IDXChannel - Masyarakat Transportasi Indonesia (MTI) melayangkan surat terbuka kepada Presiden Prabowo Subianto yang baru-baru ini menerbitkan Inpres 1 Tahun 2025 tentang Efisiensi Belanja Dalam Pelaksanaan Anggaran Pendapatan dan Belanja Negara dan Anggaran Pendapatan dan Belanja Daerah Tahun Anggaran 2025.
Wakil Ketua Pemberdayaan dan Pengembangan Wilayah MTI Pusat Djoko Setijowarno mengatakan, lewat Inpres tersebut, anggaran sejumlah Kementerian dan Lembaga ikut terpangkas. Termasuk Kementerian yang membidangi pembangunan infrastruktur dan penyelenggara sistem transportasi massal di Indonesia, seperti Kementerian Perhubungan (Kemenhub).

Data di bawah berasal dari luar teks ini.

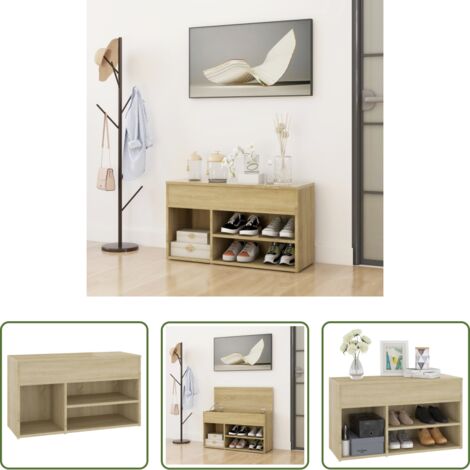 Banco de zapatos -  Banco zapatero madera contrachapada roble Sonoma 80x30x45 cm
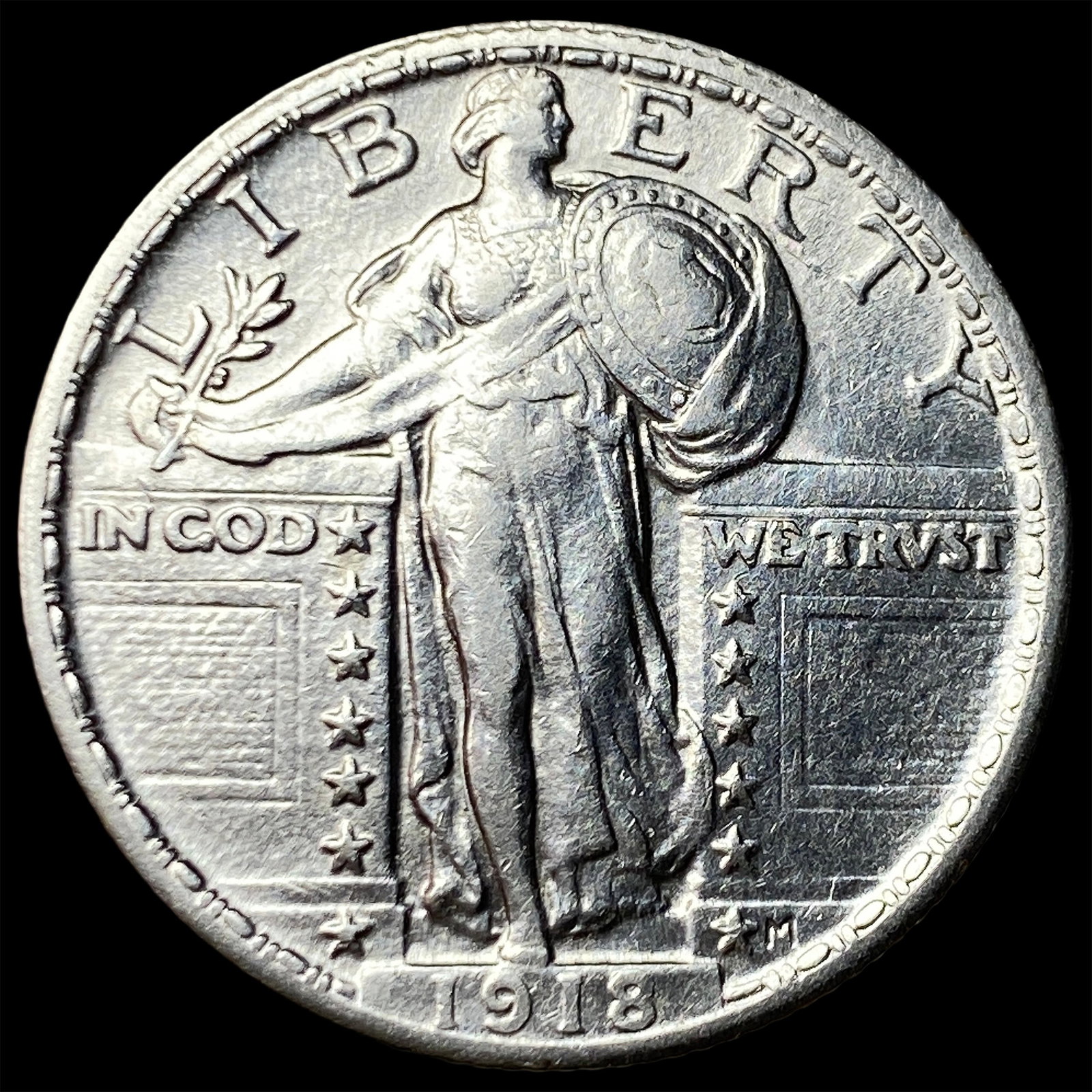 1918 Silver Standing Liberty Quarter UNCIRCULATED (1 of 2)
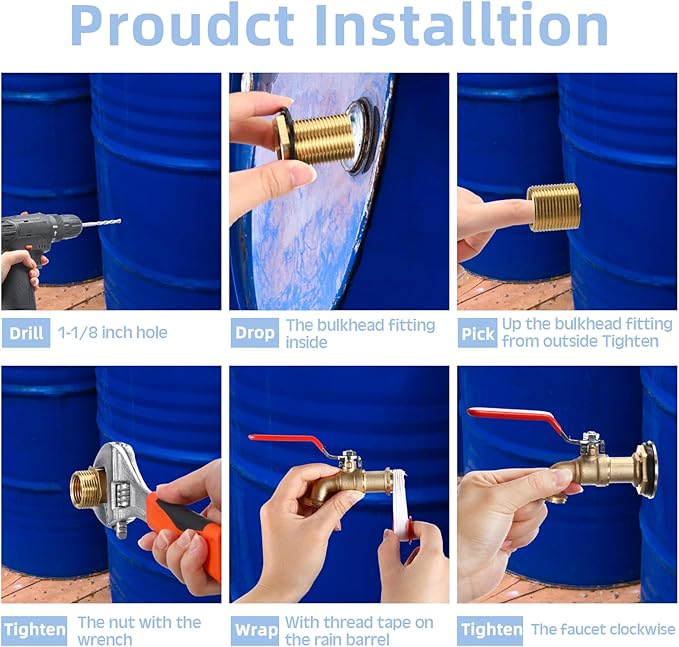 Tujoe 3 Set Brass Rain Barrel Spigot, Rain Faucet Kit for Rain Water Barrel, Water Tanks, Tubs, Pools Etc, Turn Ball Valve Rain Barrel Spigot with Bulkhead Fitting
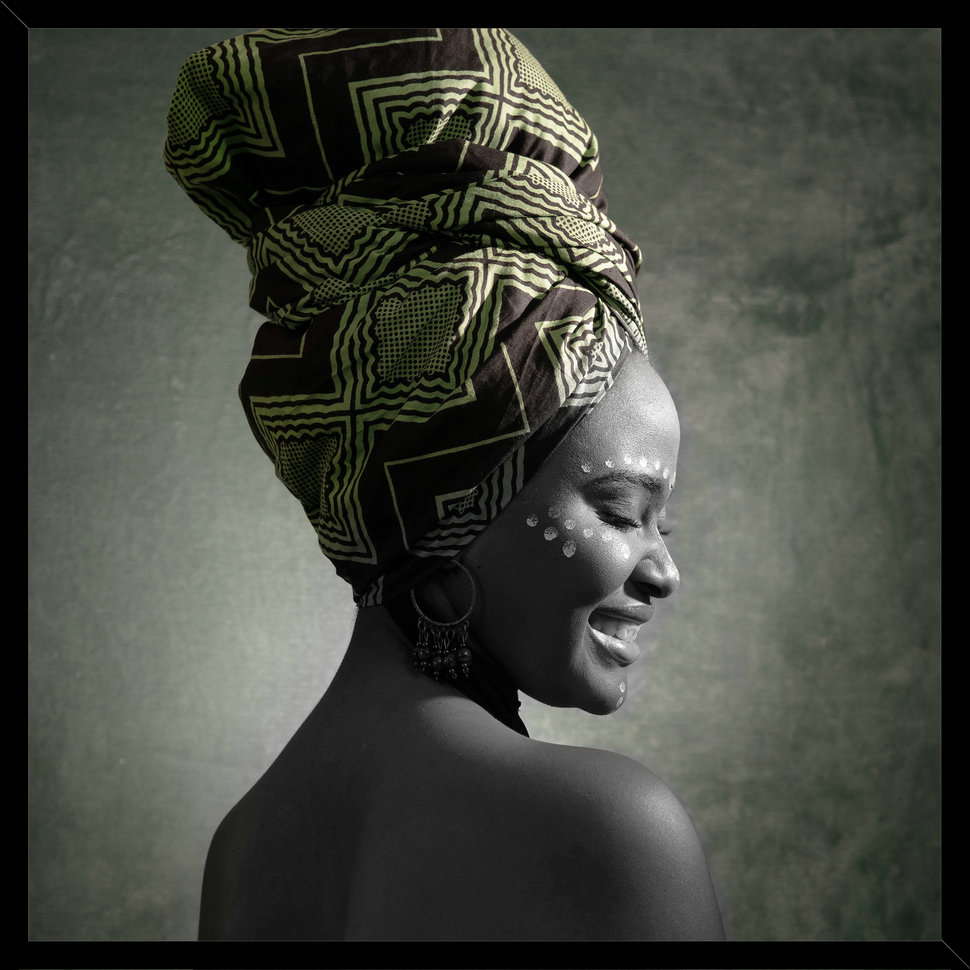 Home Gallery - Framed Print African Lady Niarobi 45cm x 45cm Tempered Glass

"Pemangkasan anggaran di Kementerian Perhubungan sendiri sebesar Rp17,9 triliun, yang semula Rp31,45 triliun menjadi Rp13,6 triliun. Bahkan sekitar Rp5,7 triliun hanya untuk membayar gaji pegawai ASN Kemenhub selama satu tahun," ujarnya dalam pernyataan tertulis, Minggu (2/2/2025).

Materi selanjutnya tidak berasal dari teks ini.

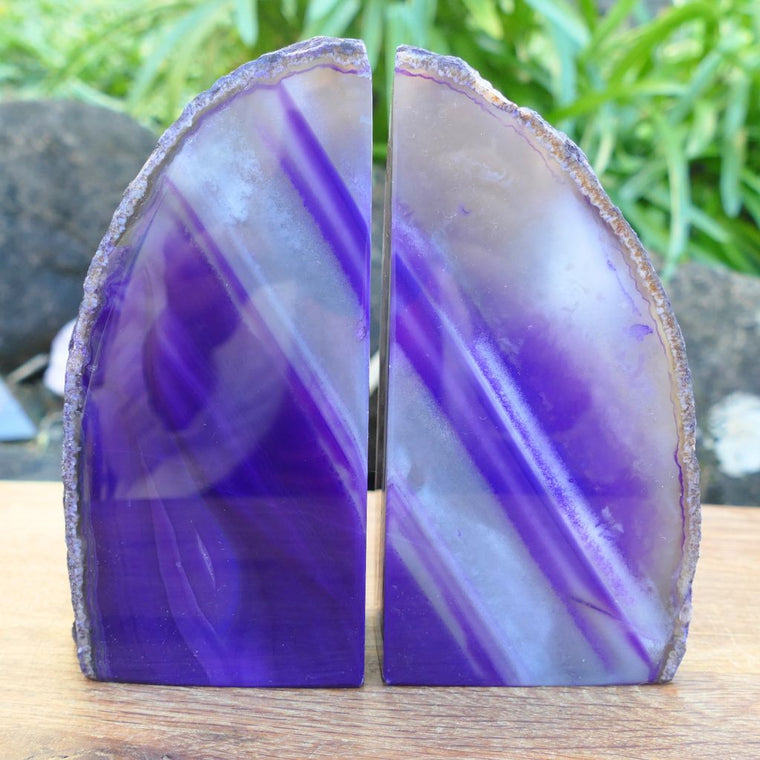 Purple Agate Bookends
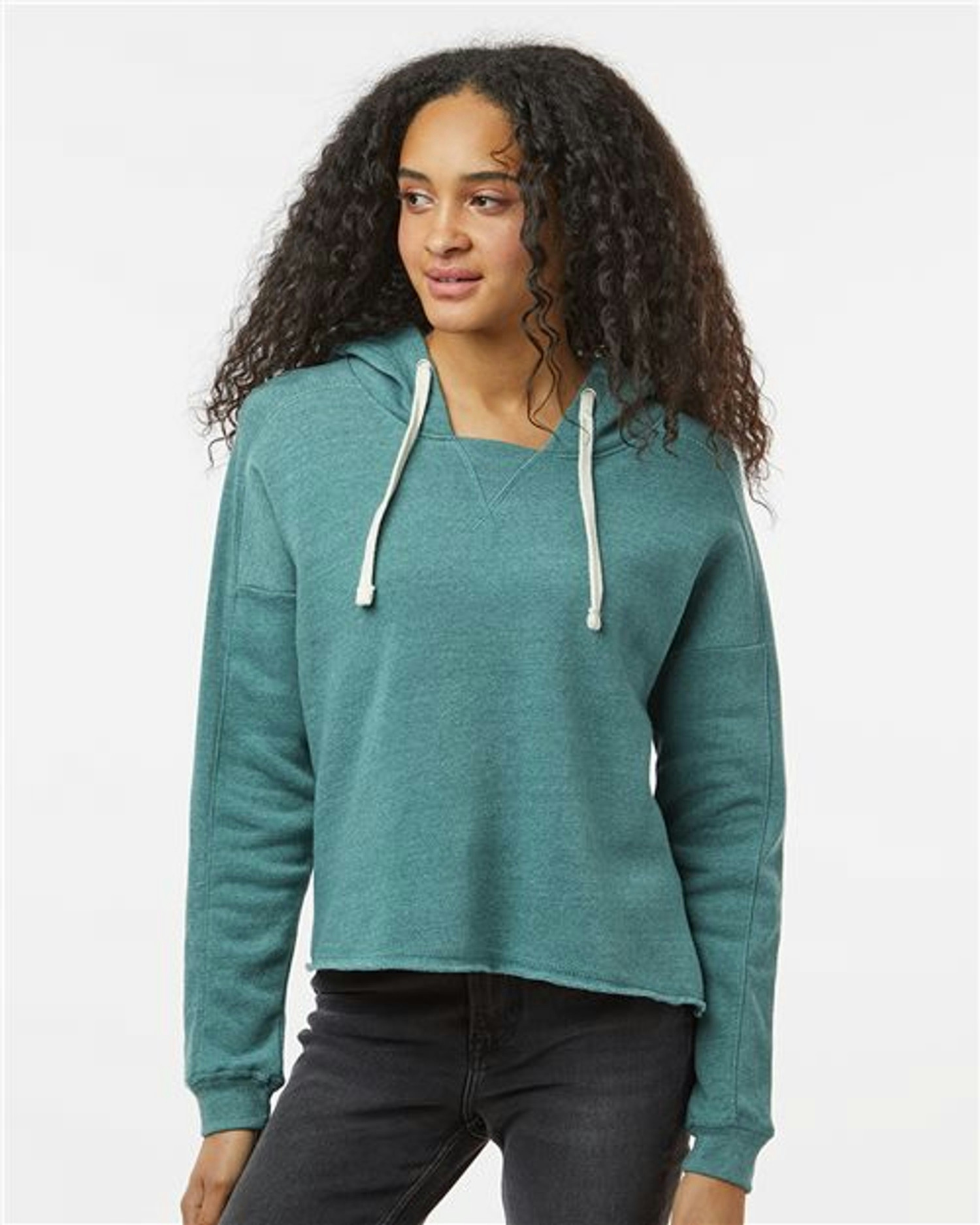 Women's Angel Fleece Crop Hooded Sweatshirt [W23101]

Anggaran Rp17,5 triliun yang dipangkas, menurut Djoko, termasuk subsidi transportasi yang meliputi (1) Perhubungan darat (angkutan jalan, angkutan antar moda, angkutan barang, perintis penyeberangan, Roro Long Distance Ferry, angkutan perkotaan dan angkutan perkotaan mendukung IKN); (2) Perhubungan Udara (angkutan perintis kargo, angkutan perintis penumpang, angkutan subsidi kargo, dan subsidi BBM penumpang, subsidi BBM kargo); (3) Perkeretaapian dengan subsidi KA Perintis di enam lintas KA: dan (4) Perhubungan Laut (penyelenggaraan angkutan Tol Laut, angkutan perintis laut, dan kapal ternak).
Djoko juga mendapatkan informasi bahwa semula per 1 Februari 2025 semua operator yang mengoperasikan moda angkutan yang mendapat subsidi transportasi DIPA Kementerian Perhubungan, agar melakukan penundaan layanan beroperasi. Namun, dini hari (masih pada hari yang sama) ada surat pembatalan penundaan layanan itu, sehingga semua layanan angkutan umum tetap beroperasi seperti semula.
"Jika benar ditunda, akan besar dampaknya terhadap pengangguran ribuan pekerja transportasi dan melumpuhkan akses layanan transportasi bagi warga menengah ke bawah yang memang mengandalkan fasilitas transportasi umum untuk aktivitas kesehariannya," kata dia.
Dia menegaskan, angkutan umum tidak berbicara soal kemacetan, tetapi korelasinya besar terhadap kemiskinan. Daerah miskin biasanya memiliki akses terhadap transportasi buruk.
"Saya menyayangkan pemangkasan anggaran dilakukan untuk mendukung program Makan Bergizi Gratis yang berimbas isu lain, termasuk anggaran transportasi umum harus dikorbankan. Penyelenggaraan angkutan umum untuk memikirkan kaum fakir yang terpinggir," ujarnya.
Ketimbang memangkas alokasi subsidi angkutan umum, Djoko berpendapat, lebih pantas untuk mengalihkan sebagian anggaran subsidi BBM untuk penyelenggaraan angkutan umum di daerah. Sebab, data Kementerian ESDM (2012) menunjukkan 93 persen subsidi BBM dinikmati warga mampu (memiliki kendaraan pribadi), sementara angkutan barang menikmati 4 persen dan angkutan umum cuma 3 persen.
Menurutnya, negara maju adalah negara yang sudah memiliki jaringan transportasi umum, fasilitas pejalan kaki, jalur pesepeda, akses layanan transportasi bagi disabilitas dan lansia bagus. Pejabat dan masyarakat sudah terbiasa menggunakan angkutan umum.
"Jangkauan layanan angkutan umum perkotaan sudah bisa meng-cover 90 persen wilayah, seperti halnya angkutan umum di Jakarta, walau belum banyak yang beralih ke angkutan umum," ujar Djoko.